Sie haben gesagt, dass die Formel 1 eine Frau haben will und auch braucht. Woran machen Sie das fest?
Der frühere Formel-1-Boss Bernie Ecclestone hat mal gesagt, Formel 1 braucht noch andere Charaktere. Er nannte dunkelhäutig. Dafür steht Lewis Hamilton. Dann sprach Ecclestone von einem Asiaten. Okay, der fehlt noch in der Formel 1. Und es geht um eine Frau. Hier bin ich! Welcher Sport kann es sich erlauben, 50 Prozent der Bevölkerung auszuschließen? Es gab noch nie eine wirklich erfolgreiche Frau in der Formel 1. Susie Wolff war von 2012 bis 2015 Test- und Entwicklungsfahrerin für das Williams-Team in der Formel 1. Sie hatte leider nicht die Möglichkeit bekommen, sich als Fahrerin in einem Formel-1-Rennen zu profilieren. Dabei war Susie verdammt schnell. Mehr Frauen im Motorsport und in der Formel 1 würden etwas verändern. Machowelten, als eine derer sich die Formel 1 leider manchmal noch präsentiert, sind unmodern und uncool. Für die Formel 1 wäre es also ein wichtiger Schritt in Zukunft.

Wie lange brauchen Sie für dieses Ziel, in der Formel 1 zu starten?
Das ist schwer zu sagen. Erst kommt die Fia Formel 3, dann die Fia Formel 2. Drei bis vier Jahre vielleicht? Das hängt stark von Budgets und Unterstützung ab. Als HWA Junior Pilot habe ich einen starken Partner an meiner Seite. Mir ist es wichtig, dass ich als Formel-1-Pilotin alle Skills, Kenntnisse und die Ausbildung habe, in der Königsdisziplin zu fahren.

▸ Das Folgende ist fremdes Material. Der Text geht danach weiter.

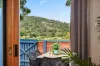 109 Coromandel Parade, Coromandel Valley, SA 5051-Image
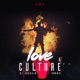 Love culture feat Admiral Bailey Single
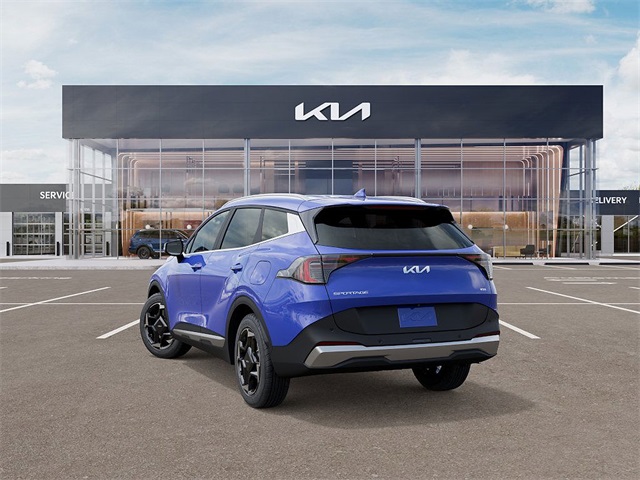 Vehicle image 9 of 27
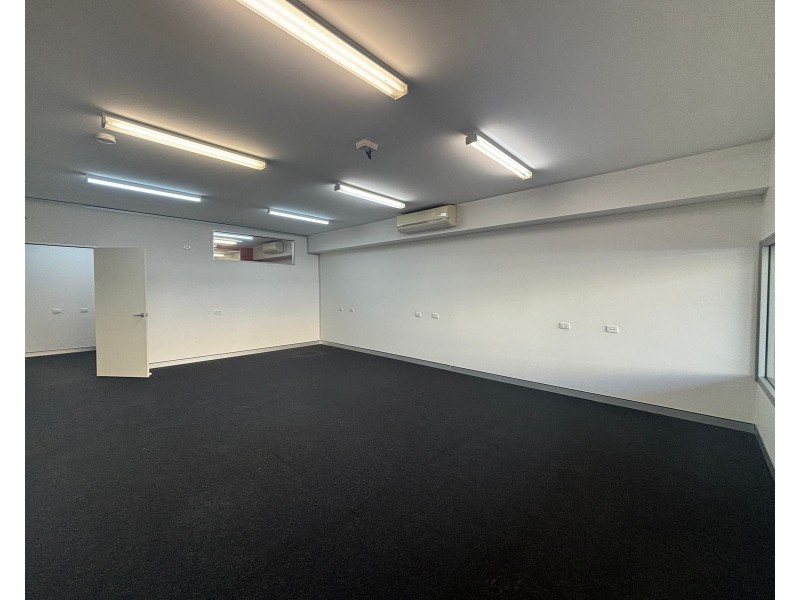 183-185 Victoria Street, Taree NSW 2430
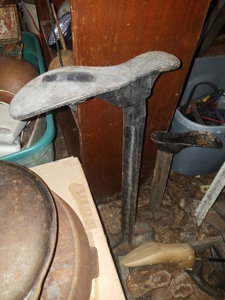 89302 - image 60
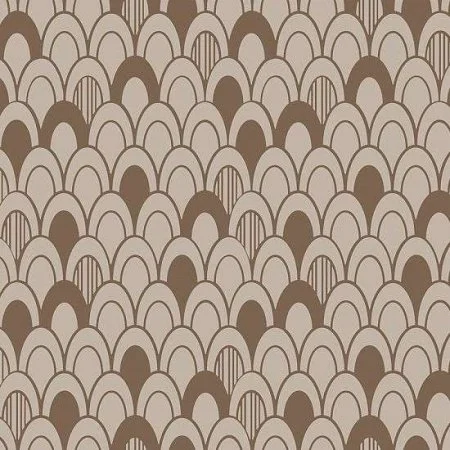 Обои Loymina Liberty LIB7, 010 в Барнауле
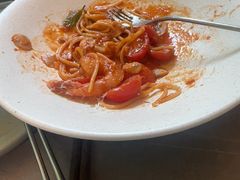 -像素研食The pixlab (皮市街店)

„Wir Frauen können im Motorsport genauso fahren wie die Männer“

Was halten Sie von einer Formel 1 für Frauen? David Coulthard und Red-Bull-Designer Adrian Newey planen so eine Rennserie.
Das ist keine Gleichberechtigung. Ich halte davon gar nichts. Und ich würde da auch nicht mitfahren. Das wäre für mich ein sportlicher Rückschritt. Ich will gegen die Besten im Motorsport fahren, gegen sie gewinnen oder verlieren. Selbst wenn du in der W-Series schnell bist, musst du irgendwann eh wieder gegen Männer fahren. Noch setzen eben Männer den sportlichen Maßstab. Die Frauenserie ist ein Marketinggeschäft. Sportlich ohne Mehrwert.

Sie sind als jüngste Pilotin mit 17 Jahren in der Formel 4 gefahren. Wie haben die anderen Fahrer auf Sie reagiert?
Die haben völlig normal reagiert. Man kennt sich schon über mehrere Jahre und ist schon im Kartsport zusammengefahren. Man wird respektiert. Es ist doch ganz normal: Wenn Du langsam fährst, wirst Du auch als Mann nicht akzeptiert.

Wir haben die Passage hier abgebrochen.